WHAT YOU HAVE TO DO: From the entries below, report how many lines contain the string "Silver". Only the number is wanted.

DATA FOR THIS TASK:

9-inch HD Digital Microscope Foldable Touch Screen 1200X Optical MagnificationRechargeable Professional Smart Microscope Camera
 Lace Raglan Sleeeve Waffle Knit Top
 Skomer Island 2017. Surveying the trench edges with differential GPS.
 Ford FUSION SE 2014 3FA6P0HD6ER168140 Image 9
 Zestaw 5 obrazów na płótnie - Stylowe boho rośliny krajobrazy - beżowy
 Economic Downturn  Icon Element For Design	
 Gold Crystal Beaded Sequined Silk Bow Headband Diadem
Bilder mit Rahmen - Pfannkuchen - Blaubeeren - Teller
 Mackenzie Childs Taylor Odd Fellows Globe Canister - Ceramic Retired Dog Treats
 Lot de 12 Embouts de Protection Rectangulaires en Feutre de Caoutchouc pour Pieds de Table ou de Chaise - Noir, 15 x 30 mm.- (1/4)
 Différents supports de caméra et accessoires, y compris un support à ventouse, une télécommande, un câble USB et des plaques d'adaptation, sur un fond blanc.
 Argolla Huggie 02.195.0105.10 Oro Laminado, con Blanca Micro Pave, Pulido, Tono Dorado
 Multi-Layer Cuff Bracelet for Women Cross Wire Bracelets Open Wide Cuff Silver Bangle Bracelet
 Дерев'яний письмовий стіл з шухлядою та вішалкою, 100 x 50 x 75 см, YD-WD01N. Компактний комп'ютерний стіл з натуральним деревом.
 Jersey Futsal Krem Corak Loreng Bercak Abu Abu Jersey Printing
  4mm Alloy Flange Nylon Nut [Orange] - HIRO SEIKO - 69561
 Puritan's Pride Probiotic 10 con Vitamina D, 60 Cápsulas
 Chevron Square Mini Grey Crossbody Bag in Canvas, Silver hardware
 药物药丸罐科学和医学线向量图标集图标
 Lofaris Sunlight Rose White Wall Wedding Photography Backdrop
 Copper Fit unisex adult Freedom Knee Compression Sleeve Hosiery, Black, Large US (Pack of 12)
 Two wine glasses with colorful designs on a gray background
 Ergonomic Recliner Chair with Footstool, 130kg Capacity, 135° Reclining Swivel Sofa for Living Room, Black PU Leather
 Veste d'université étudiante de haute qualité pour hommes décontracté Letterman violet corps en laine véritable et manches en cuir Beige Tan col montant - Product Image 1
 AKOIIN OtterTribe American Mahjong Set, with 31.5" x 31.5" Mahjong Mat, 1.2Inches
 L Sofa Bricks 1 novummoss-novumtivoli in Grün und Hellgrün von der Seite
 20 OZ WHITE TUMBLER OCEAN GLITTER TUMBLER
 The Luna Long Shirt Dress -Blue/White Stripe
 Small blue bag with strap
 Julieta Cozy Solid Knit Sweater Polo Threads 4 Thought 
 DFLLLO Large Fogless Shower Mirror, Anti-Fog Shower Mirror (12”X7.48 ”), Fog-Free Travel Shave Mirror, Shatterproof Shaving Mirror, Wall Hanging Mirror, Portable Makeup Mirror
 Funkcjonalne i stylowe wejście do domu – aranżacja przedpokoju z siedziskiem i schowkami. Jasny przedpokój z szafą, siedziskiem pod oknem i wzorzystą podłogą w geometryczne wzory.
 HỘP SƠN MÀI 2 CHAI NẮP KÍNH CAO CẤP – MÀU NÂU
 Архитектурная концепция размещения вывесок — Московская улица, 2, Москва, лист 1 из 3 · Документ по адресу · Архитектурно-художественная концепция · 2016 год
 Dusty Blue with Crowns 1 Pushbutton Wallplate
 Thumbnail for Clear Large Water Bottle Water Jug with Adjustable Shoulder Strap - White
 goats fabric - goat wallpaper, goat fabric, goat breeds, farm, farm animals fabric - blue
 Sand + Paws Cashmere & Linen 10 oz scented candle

REPLY: 2